**WORK REQUIRED:**
Starting at the top of the entries below, write out each line up to and including the one containing "Atatürkün Ankara Garında". Leave the pictures out.

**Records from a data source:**
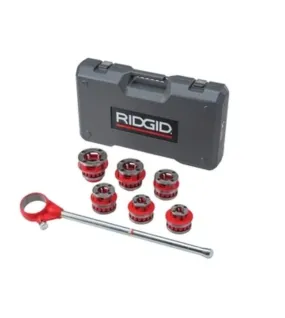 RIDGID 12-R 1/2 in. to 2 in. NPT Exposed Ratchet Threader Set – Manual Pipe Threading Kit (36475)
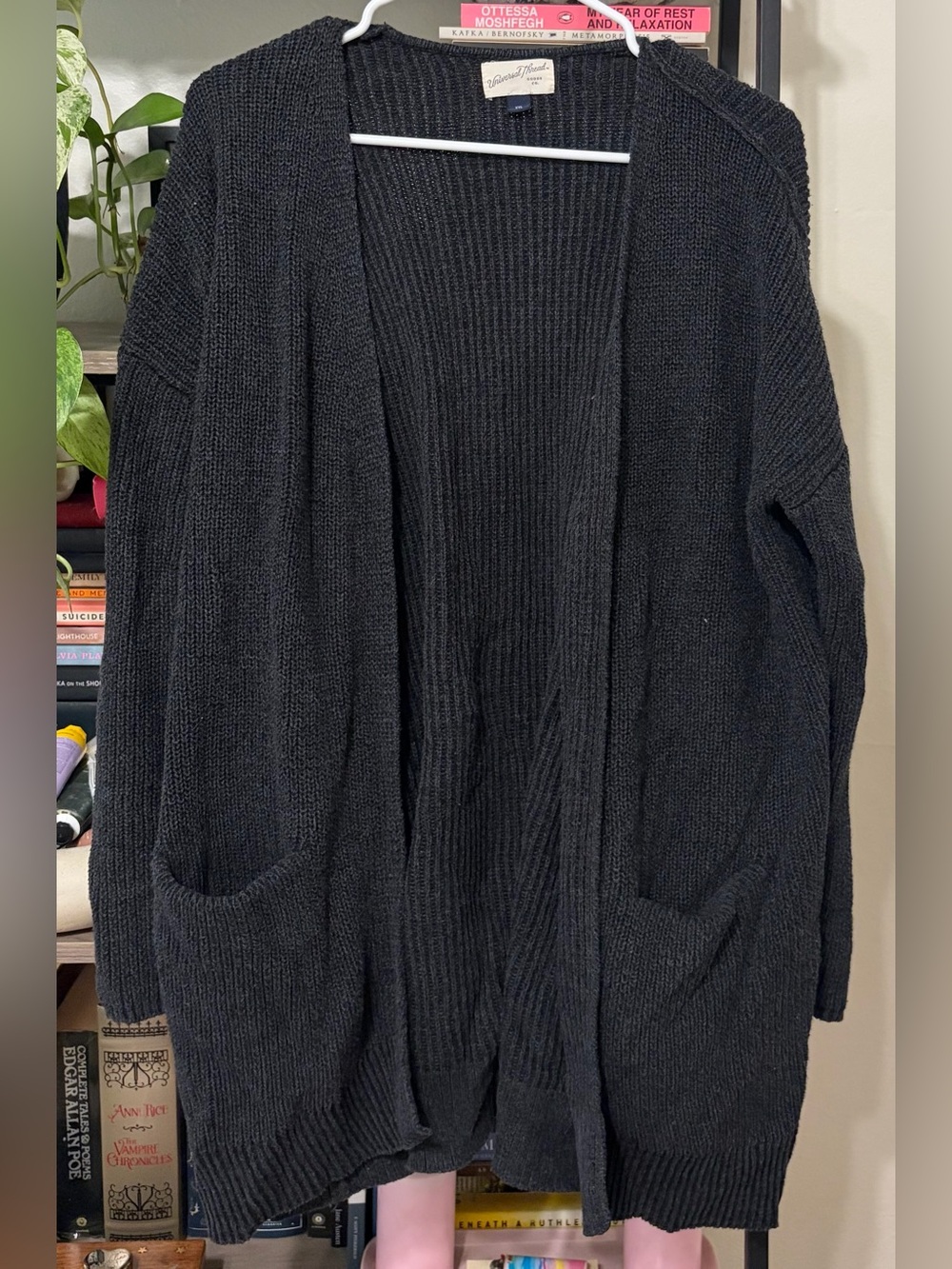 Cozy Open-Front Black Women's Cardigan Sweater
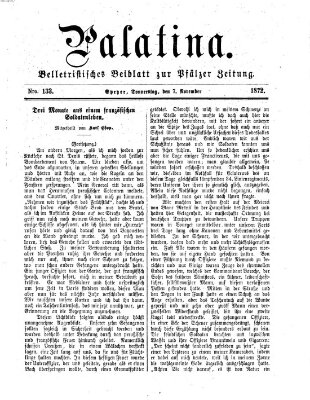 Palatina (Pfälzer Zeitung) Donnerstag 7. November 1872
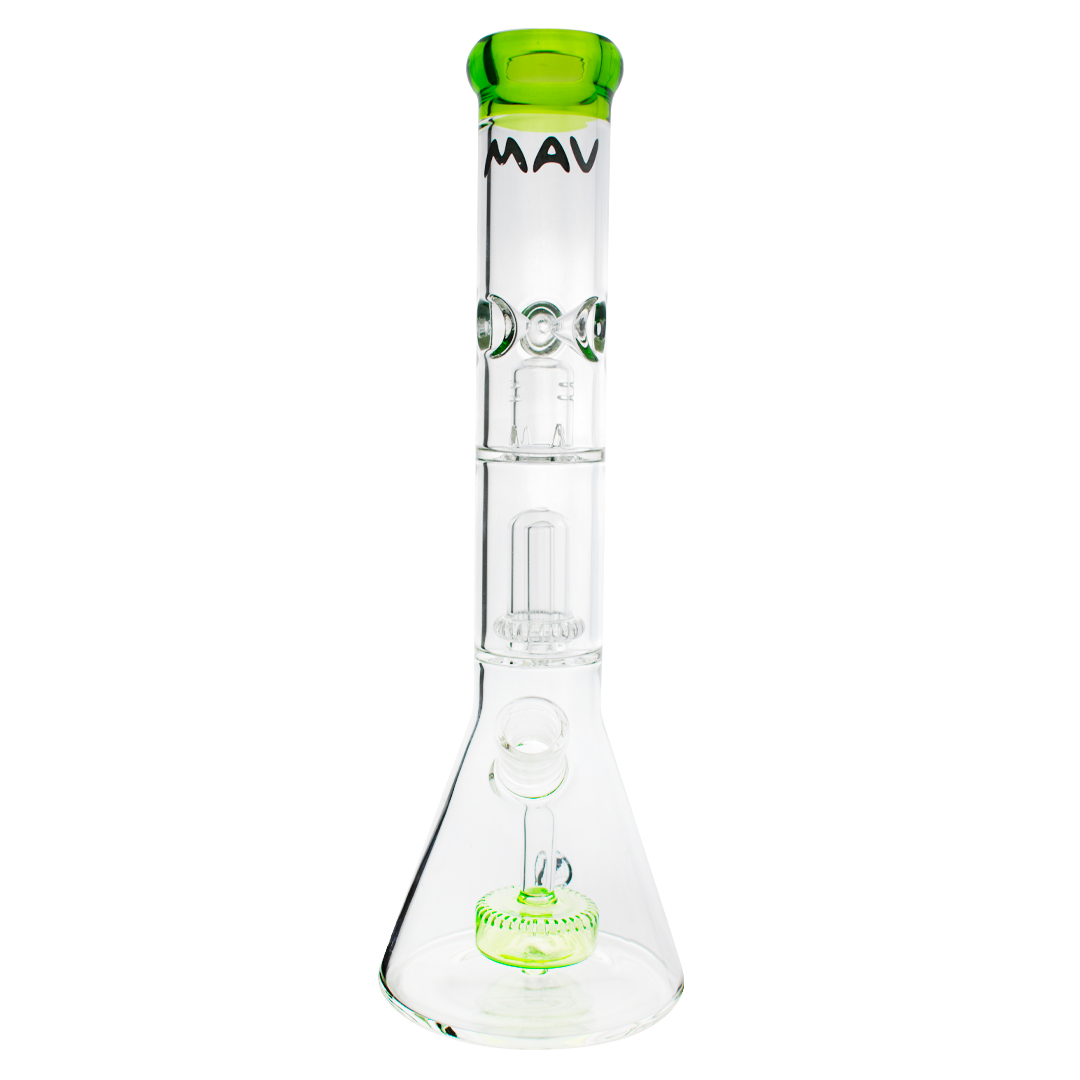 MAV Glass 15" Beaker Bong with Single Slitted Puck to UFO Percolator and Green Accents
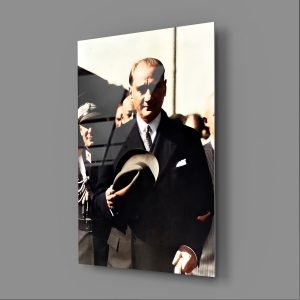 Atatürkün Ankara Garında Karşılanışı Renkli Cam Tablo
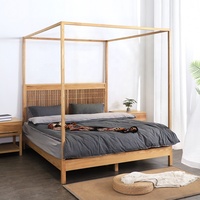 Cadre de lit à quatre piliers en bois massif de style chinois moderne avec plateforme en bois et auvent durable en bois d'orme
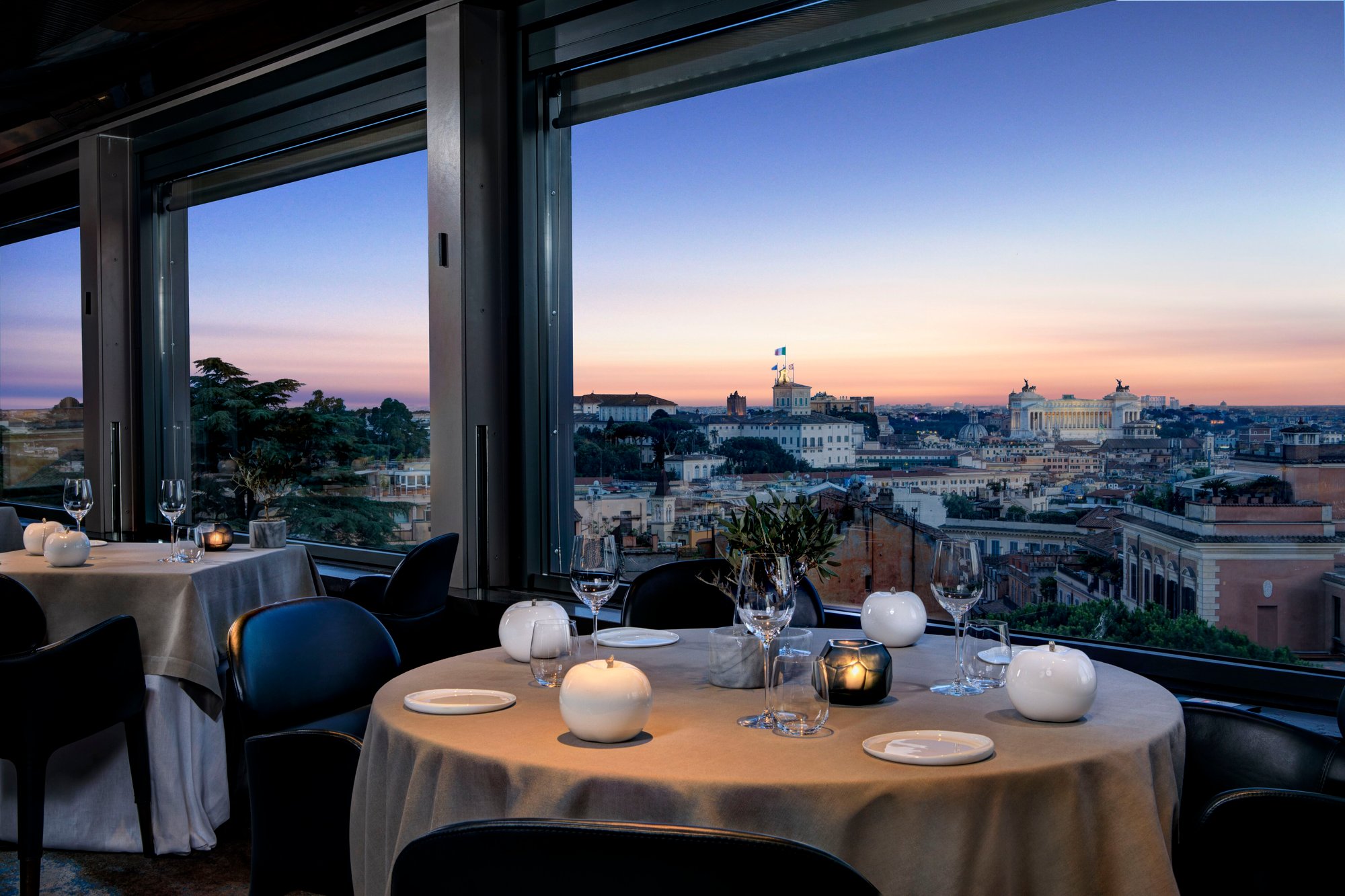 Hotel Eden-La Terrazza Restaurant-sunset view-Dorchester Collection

**TASK ANSWER:**
 RIDGID 12-R 1/2 in. to 2 in. NPT Exposed Ratchet Threader Set – Manual Pipe Threading Kit (36475)
 Cozy Open-Front Black Women's Cardigan Sweater
 Palatina (Pfälzer Zeitung) Donnerstag 7. November 1872
 MAV Glass 15" Beaker Bong with Single Slitted Puck to UFO Percolator and Green Accents
 Atatürkün Ankara Garında Karşılanışı Renkli Cam Tablo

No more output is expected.